G.P.O: It’s been a really hectic week. Tomorrow we’re the visiting artist at NYU so we have to get things organized.
ONLY: I can imagine that there is a lot to talk about on your behalf.
G.P.O: I suppose, but it’s been interesting lately, in the last 8 weeks maybe even the last 6 weeks we’ve given a lecture at Rutger’s University, at Columbia and at the gender studies department at NYU and now we’re doing the art department. And at Rutger’s the Head of Graduate Studies said afterward that our lecture had the largest attendance in the history of the University.
ONLY: That’s great.
G.P.O: Isn’t that interesting? That there is that much awareness of the project that Jaye and I were doing?
ONLY: I certainly think that that kind of reaction is quite compelling and an interesting testament to the awareness of both the project and for the ideas and the concepts that you have been working with and towards for so long.
G.P.O: That’s funny to think about for an old codger like me.
ONLY: It must be an exciting time to discover that there is an audience for you.
G.P.O: It is, but obviously it’s tragic that Jaye’s not here to share that with us.
ONLY: Of course. But I’m happy to hear that you have found the strength to continue.
G.P.O: Well it’s partly the fact that there is such a positive response to what he have been doing that encourages me to keep going. It’s an irony isn’t it? Derek Jarmen once said to me, when he just turned fifty and been diagnosed with HIV/AIDS, he said : “You know Gen, now that I’m dying they’re going to throw money at me to make movies and they’re going to give me all this praise and publicity, but they won’t do it until you’re either dying or dead.”

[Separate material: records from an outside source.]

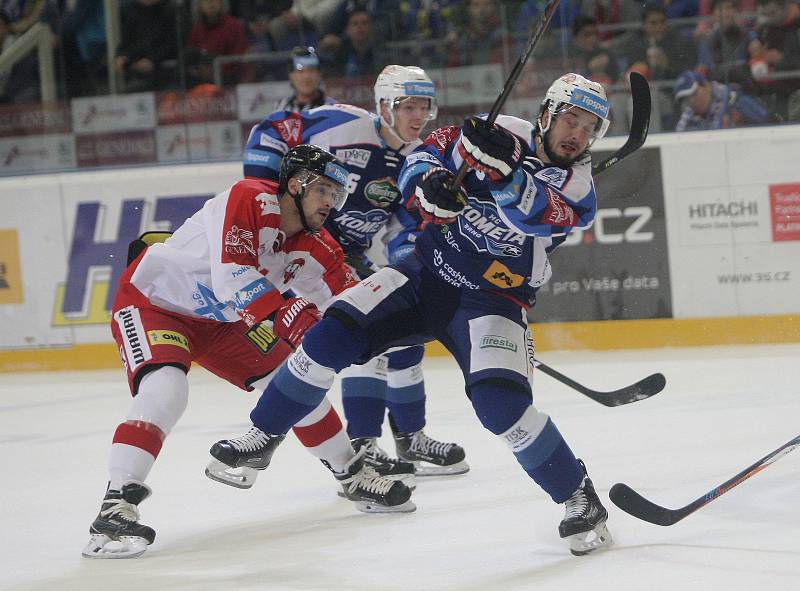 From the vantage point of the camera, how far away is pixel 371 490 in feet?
11.0

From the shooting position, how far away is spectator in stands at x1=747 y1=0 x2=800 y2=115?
255 inches

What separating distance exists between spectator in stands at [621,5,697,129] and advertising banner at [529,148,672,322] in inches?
11.6

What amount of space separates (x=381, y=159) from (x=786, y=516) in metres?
1.75

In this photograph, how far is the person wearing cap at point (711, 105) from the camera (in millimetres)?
6484

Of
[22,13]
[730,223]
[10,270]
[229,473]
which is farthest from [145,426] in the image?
[22,13]

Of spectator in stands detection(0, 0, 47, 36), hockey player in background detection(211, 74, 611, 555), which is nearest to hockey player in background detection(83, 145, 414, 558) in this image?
hockey player in background detection(211, 74, 611, 555)

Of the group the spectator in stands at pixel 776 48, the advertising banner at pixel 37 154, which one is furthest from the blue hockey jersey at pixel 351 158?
the advertising banner at pixel 37 154

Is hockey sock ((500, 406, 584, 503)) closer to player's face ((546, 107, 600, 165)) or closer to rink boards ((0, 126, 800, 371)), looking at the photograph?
player's face ((546, 107, 600, 165))

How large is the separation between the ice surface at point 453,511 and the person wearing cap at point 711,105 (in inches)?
62.1

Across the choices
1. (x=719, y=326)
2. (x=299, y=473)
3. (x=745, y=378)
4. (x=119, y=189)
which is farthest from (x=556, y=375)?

ONLY: I think that anyone who is pushing boundaries or concepts, like yourself, that seems so far ahead of the general public consciousness has to expect that it will take time for the public to catch up. For example so much of what you have contributed culturally and even philosophically has been ahead of the curve. It can sometimes take a generation or two to catch up to what were originally seen as radical ideas.
G.P.O: A good example would be something like industrial music. We did the first Throbbing Gristle gigs to less than 20 people, most of them throwing things and screaming abuse that it was just a racket. Of course, now it’s a global phenomenon and most young people would look at you wide eyed and startled if you said there was a time when there was no industrial music.

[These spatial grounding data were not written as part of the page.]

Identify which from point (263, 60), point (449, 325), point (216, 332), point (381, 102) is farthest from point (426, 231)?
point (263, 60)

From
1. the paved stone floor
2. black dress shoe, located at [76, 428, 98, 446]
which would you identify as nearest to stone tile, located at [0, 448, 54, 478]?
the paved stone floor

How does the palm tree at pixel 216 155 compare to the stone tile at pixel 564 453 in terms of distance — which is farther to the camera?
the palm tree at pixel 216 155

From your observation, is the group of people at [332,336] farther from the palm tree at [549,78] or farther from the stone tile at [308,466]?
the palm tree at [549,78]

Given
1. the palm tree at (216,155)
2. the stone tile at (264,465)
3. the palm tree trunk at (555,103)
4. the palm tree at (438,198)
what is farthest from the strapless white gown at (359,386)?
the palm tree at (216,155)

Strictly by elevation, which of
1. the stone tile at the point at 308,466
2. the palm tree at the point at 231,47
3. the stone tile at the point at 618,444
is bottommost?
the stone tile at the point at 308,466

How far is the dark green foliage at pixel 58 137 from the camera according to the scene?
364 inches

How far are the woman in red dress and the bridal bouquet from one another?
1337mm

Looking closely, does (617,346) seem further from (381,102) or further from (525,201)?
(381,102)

ONLY: Of course and obviously you were at the absolute forefront of that. I’ve heard you be referred to as a cultural engineer…
G.P.O: Yeah that phrase popped out one day. I can’t remember where it was but somebody who had enough importance to me to merit that thoughtful said: “How would you sum up what you do in two or three words”…and out pops this phrase, “cultural engineer”. And the minute it popped out we thought it does sound arrogant but there’s enough evidence out there to justify that as an explanation. I mean we have actually taken the flows and the ebbs and the underlying subtexts of popular culture and then submitted it to a detailed analysis and then proposed the next mutation. It’s not so much that we’re claiming that we’re geniuses in an isolated world where we come up with these marvelous ideas, it’s more that we’ve become skilled at reading what’s inevitable in the culture and we have the nerve, the stubbornness or the stupidity to then see if we can make it happen.

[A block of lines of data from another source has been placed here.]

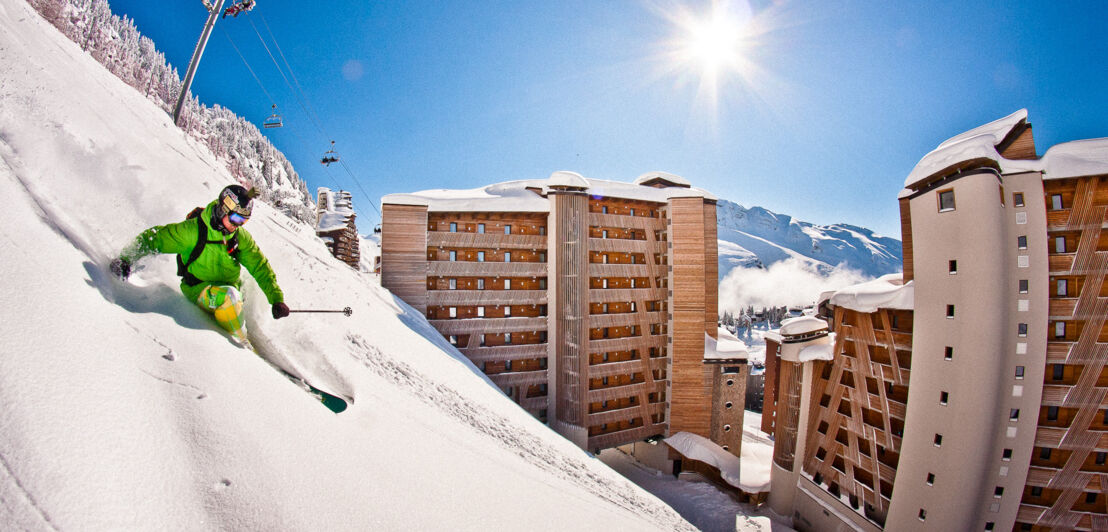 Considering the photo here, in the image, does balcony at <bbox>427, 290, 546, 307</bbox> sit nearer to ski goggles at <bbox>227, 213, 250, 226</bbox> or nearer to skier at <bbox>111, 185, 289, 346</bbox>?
skier at <bbox>111, 185, 289, 346</bbox>

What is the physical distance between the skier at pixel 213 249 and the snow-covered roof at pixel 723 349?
22169 mm

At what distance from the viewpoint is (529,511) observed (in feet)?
12.1

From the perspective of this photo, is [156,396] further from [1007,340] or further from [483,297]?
[1007,340]

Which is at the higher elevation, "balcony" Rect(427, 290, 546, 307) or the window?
the window

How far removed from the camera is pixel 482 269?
20.6 meters

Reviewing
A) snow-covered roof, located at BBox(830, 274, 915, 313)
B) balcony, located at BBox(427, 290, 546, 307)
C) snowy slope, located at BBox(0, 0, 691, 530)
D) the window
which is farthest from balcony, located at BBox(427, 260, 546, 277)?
the window

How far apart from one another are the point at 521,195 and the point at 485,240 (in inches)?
136

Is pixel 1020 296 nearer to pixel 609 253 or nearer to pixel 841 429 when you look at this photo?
pixel 841 429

ONLY: I wonder how these sorts of expressions, that you seem to naturally migrate towards, begin to form. Is it a result of being engaged with a sympathetic collective group? Do these ideas come about organically?
G.P.O: It’s very much the result of dialogue. It really begins with when we were….oh by the way you probably realized that we’re trying to use “we” instead of “I” so we can represent both myself and Lady Jaye in the physical…
ONLY: I had yes.
G.P.O:…So when we dropped out of university in 1969, we joined an artistic, psycho-therapeutic commune called the Exploding Galaxy, that’s really one of the root influences, one of the basic training camps for a lot of what has come since. It was a very brutal, very analytical environment. You would constantly be interrogated as to why you still looked how you did yesterday or why your hair was the same, or why you wore the clothes other people were wearing…why you were following any habits. That sort of environment of living with no privacy and being constantly intellectually harassed, to be de-conditioned in every possible way has left a very deep imprint on my way of perceiving nonsense reality as we prefer to call it. The other really, really important methodology of course is the “cut up”, in all of it’s infinite variety, which could simplistically be called “collage” refers to the way that we edit our experience of reality, the way that the media edit what they present, the same reality and the underlying themes of that nonsense reality that can be revealed by unexpected collision and frictions and the rearranging the linear structures. All of those techniques, we’ve applied, not just to the mediums of writing, film, video, music and art…we’ve applied it to behavior. And that was where we got into the Shu shamanism and the majik and the focused orgasm and eventually, the body itself. The cheap suitcase as Lady Jaye would call it. Which is where the battle rages between the software program of DNA and the concept at least of intellectual free will.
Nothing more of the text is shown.